Unable to reproduce the results on the Camelyon16 dataset.

Henry0394 commented 3 months ago

I'm attempting to reproduce the results on the Camelyon16 dataset, but I'm obtaining an accuracy rate of around 78%-80%, which is approximately 10 percent lower than the reported accuracy in the paper. Could there be some critical details I've overlooked? Or could there potentially be a bug in the code?

DearCaat commented 3 months ago

It would be helpful to first reproduce the results of classic ABMIL to check your environment and training scripts.

Henry0394 commented 3 months ago

It would be helpful to first reproduce the results of classic ABMIL to check your environment and training scripts.

Thanks, and I did, but the result for ABMIL is still under 80%, it is really weird.

DearCaat commented 3 months ago

That may require double-check the dataset, the experimental environment, and the training codes.

Henry0394 commented 3 months ago

Thanks, but I'm not the only one unable to reproduce the results.

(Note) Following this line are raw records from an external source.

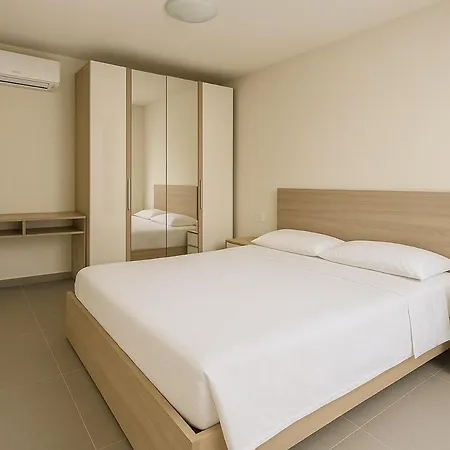 Sunset With Parking Апартаменты Линьяно-Саббьядоро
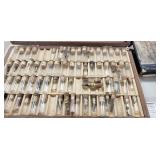 Lot of Misc. Watch Parts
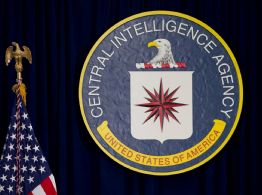 Exfuncionario de la CIA, acusado de robar millones de dólares en lingotes de oro al gobierno de EU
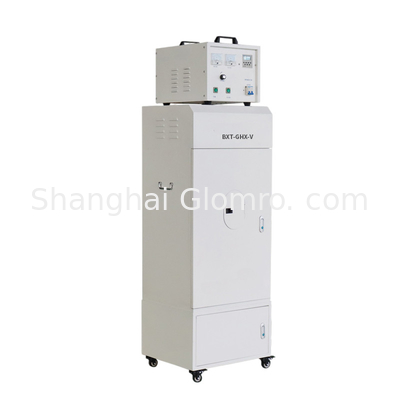 Multi Tube Stirring Photochemical Catalytic Reactor Laboratory Testing Equipment BXT-GHX-I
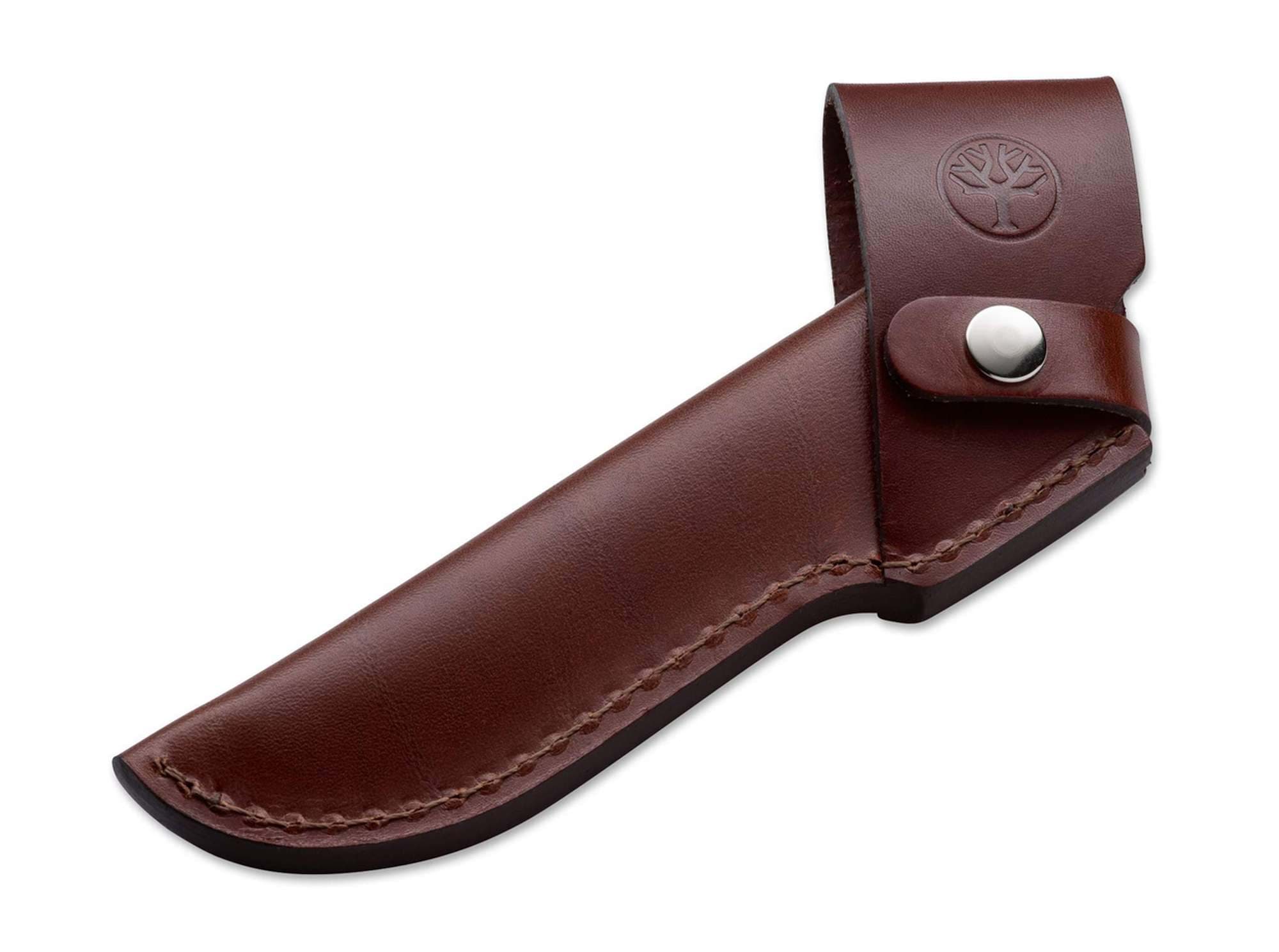 Bild von Böker - Lederscheide G.E.K. Classic Braun
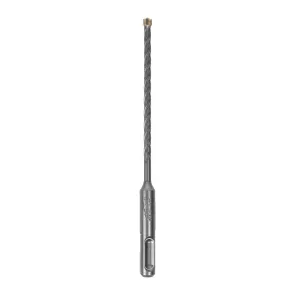 Бур SDS-PLUS 4C Contractor MILWAUKEE, O5,5х160мм №1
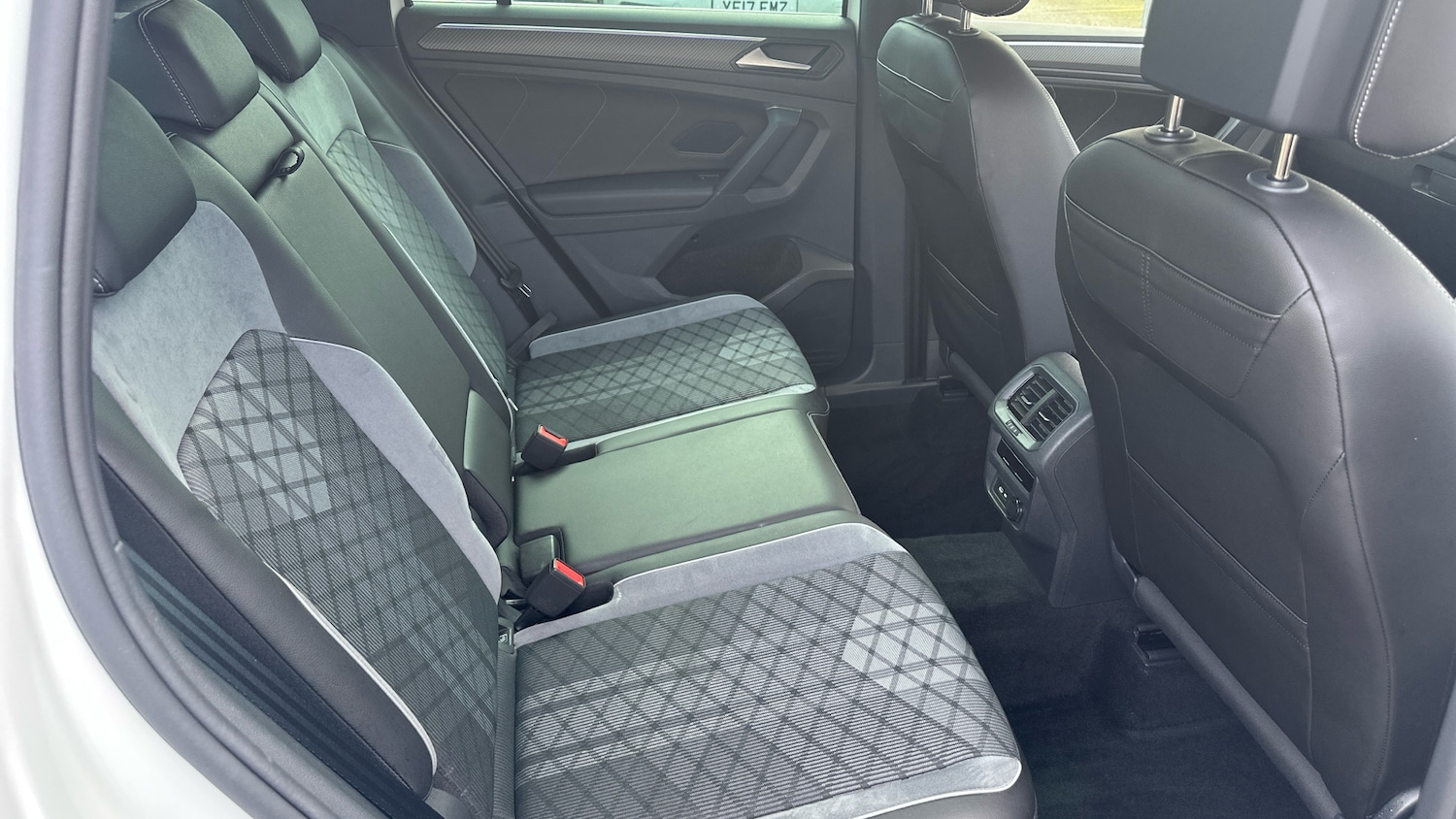 Used Volkswagen Tiguan 2022 for sale - 77679320: Photo 16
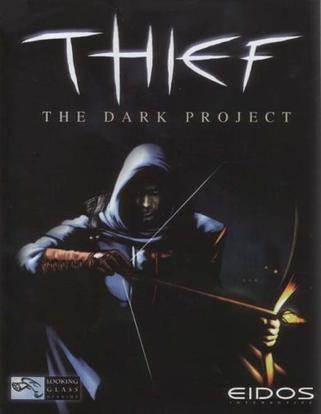 神偷：暗黑计划 Thief: The Dark Project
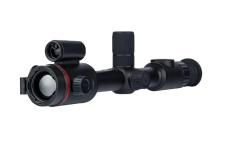 Paccpoчка.Тепловизионный прицел Artelv Atomos 3.4x 35м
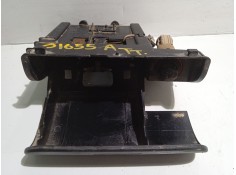 Recambio de cenicero para audi tt (8n3/8n9) 1.8 t coupe (132kw) referencia OEM IAM 8N0857951   2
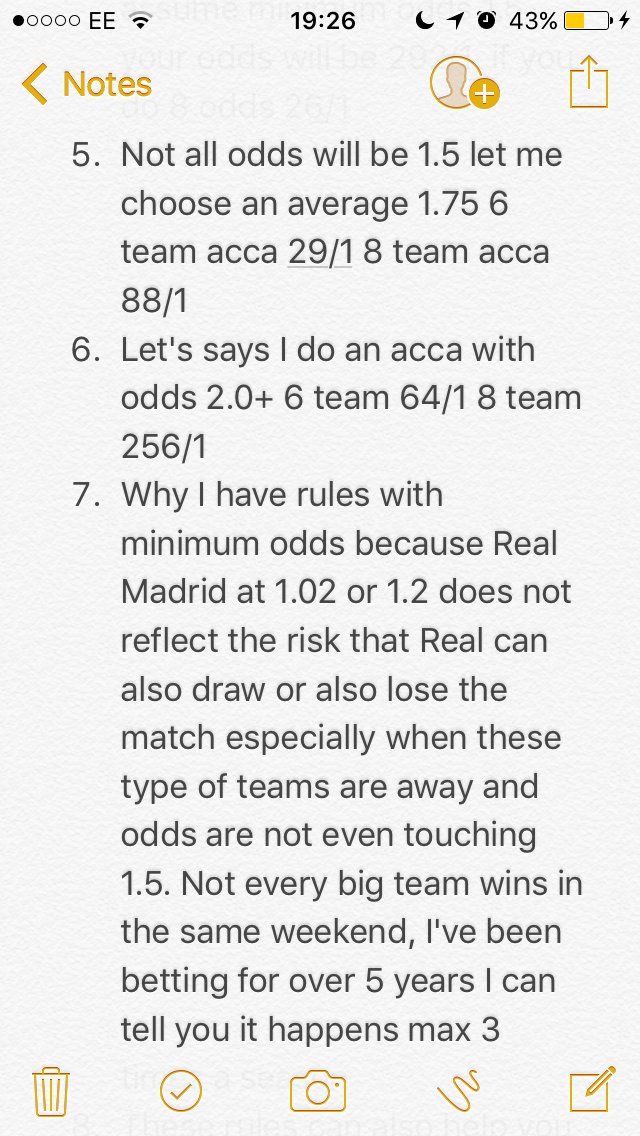 OmobaPaul's tweet photo. Read this #EasyMoney #Betting #Accas #PaulTips https://t.co/ik6T2AMqct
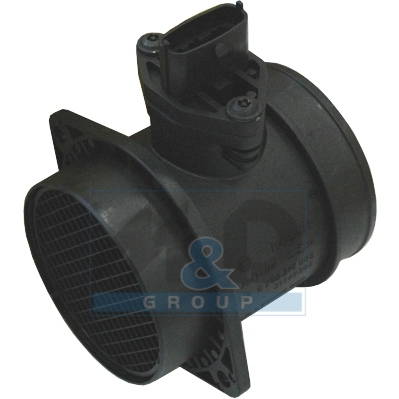 [86264] Airflow meter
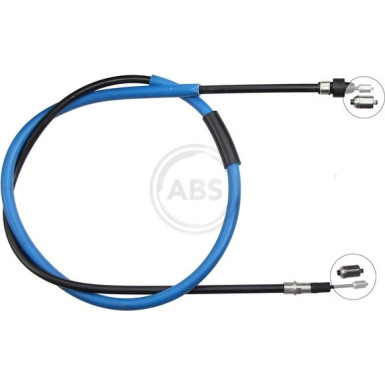 A.B.S. Handbremsseil Seilzug Festellbremse K13949 A.B.S. Handbremsseil Seilzug Festellbremse K13949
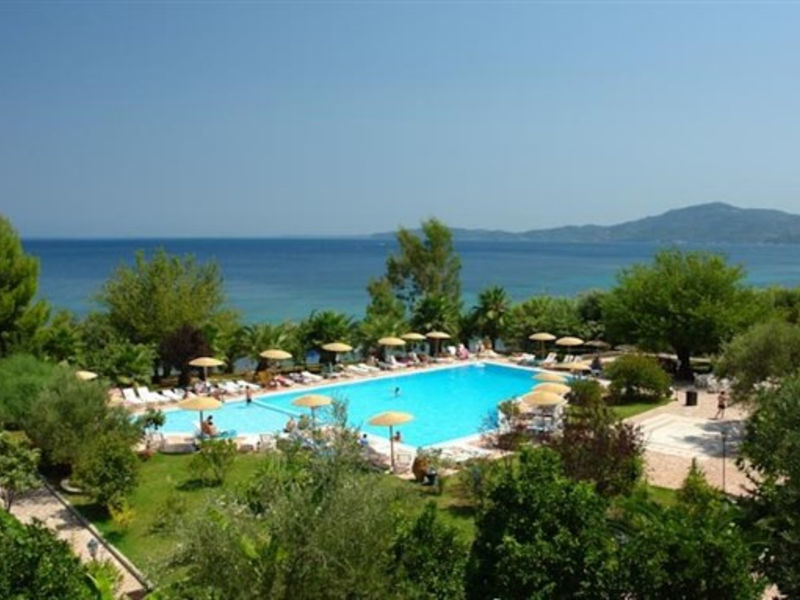 Corfu Senses Resort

As far as I know, several others I'm familiar with have also encountered similar issues. Are there any tricks that aren't mentioned in the code, or could there be bugs within the codebase?

DearCaat commented 3 months ago

Although I would like to share some secret tips with you, the Docker and code I provided are exactly what I used. The code in this repository has been refactored, so it may not reproduce the results of the paper with 100% accuracy, and there might be a deviation of ±1-2%. However, if the deviation exceeds 10%, or if AB-MIL fails to produce valid results, I would find it very strange. If you are using the data, Docker, and code I provided and still see a deviation of over 10%, could you please share the training logs? I will do my best to help resolve the issue.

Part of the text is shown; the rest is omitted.